WHAT TO PRODUCE: Everything from the line containing "2023 Honda Civic Sport" through the last line of the entries needs to be repeated exactly. Pictures must be left out.

RECORDS TO USE:

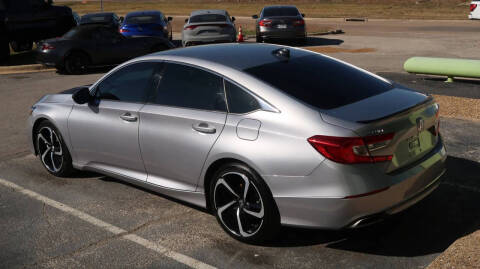 2022 Honda Accord Sport Special Edition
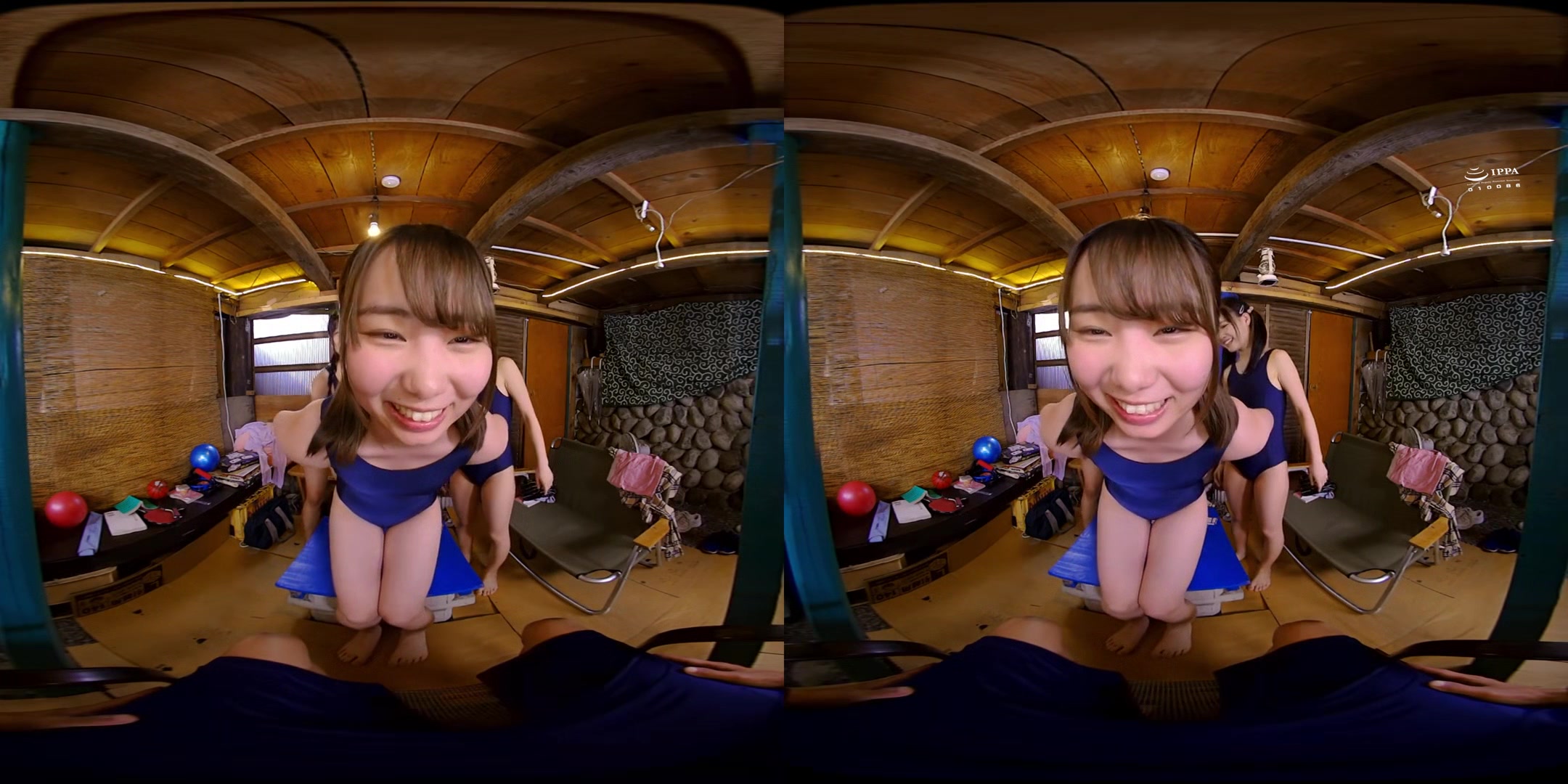 Perverted Schoolgirls Take Charge of My Home Part 2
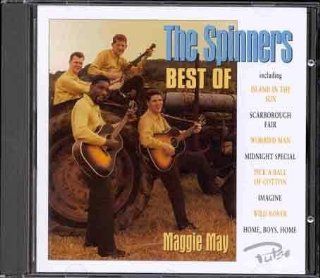 Best of the Spinners Maggie May Music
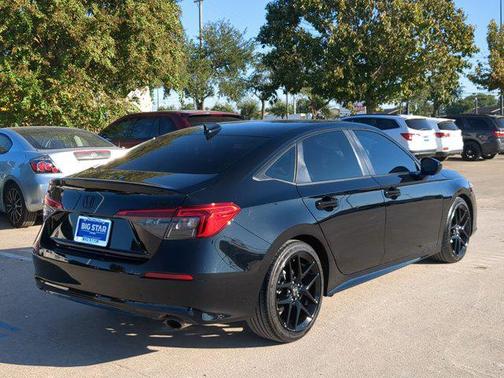2023 Honda Civic Sport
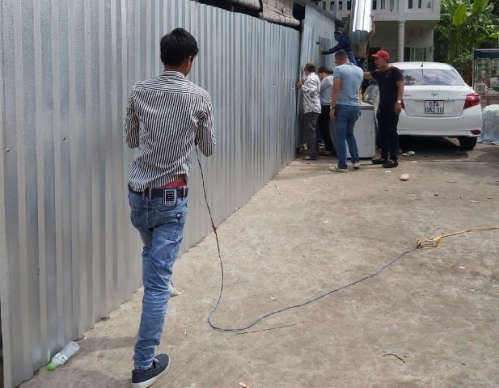 Diễn biến mới vụ “Thuê Villa bị đuổi…” ở Phú Quốc, tỉnh Kiên Giang: Người nhà ông Công ngày càng lộng hành, coi thường pháp luật và coi thường chính q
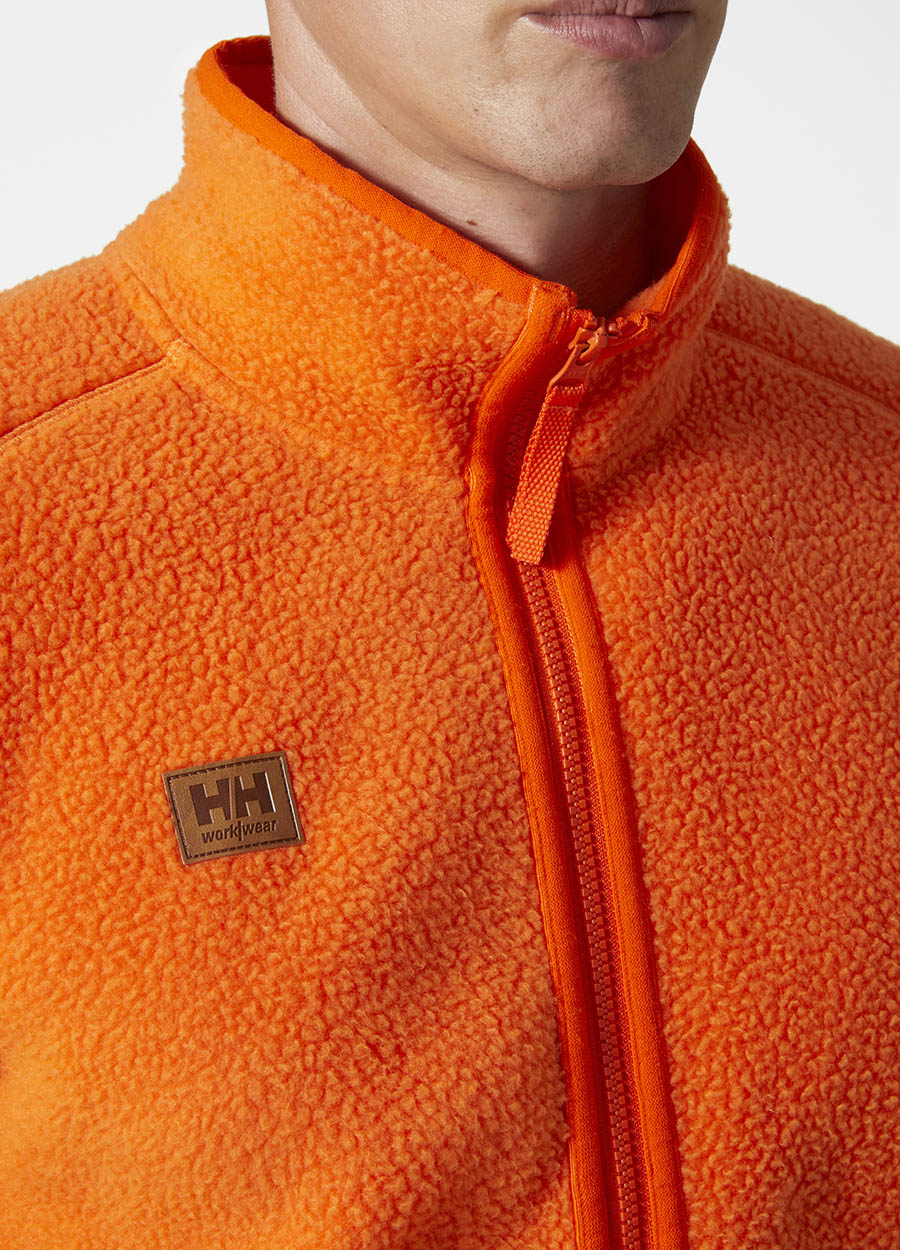 Helly Hansen Workwear 72180 Heritage Pile Jacket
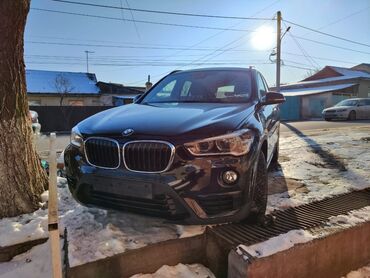 бмв титан: BMW X1: 2 л | 2016 г. | Кроссовер | Идеальное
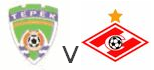 Terek Grozny Spartak Moscow live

THE COMPLETED TASK:
2023 Honda Civic Sport
 Diễn biến mới vụ “Thuê Villa bị đuổi…” ở Phú Quốc, tỉnh Kiên Giang: Người nhà ông Công ngày càng lộng hành, coi thường pháp luật và coi thường chính q
 Helly Hansen Workwear 72180 Heritage Pile Jacket
 бмв титан: BMW X1: 2 л | 2016 г. | Кроссовер | Идеальное
 Terek Grozny Spartak Moscow live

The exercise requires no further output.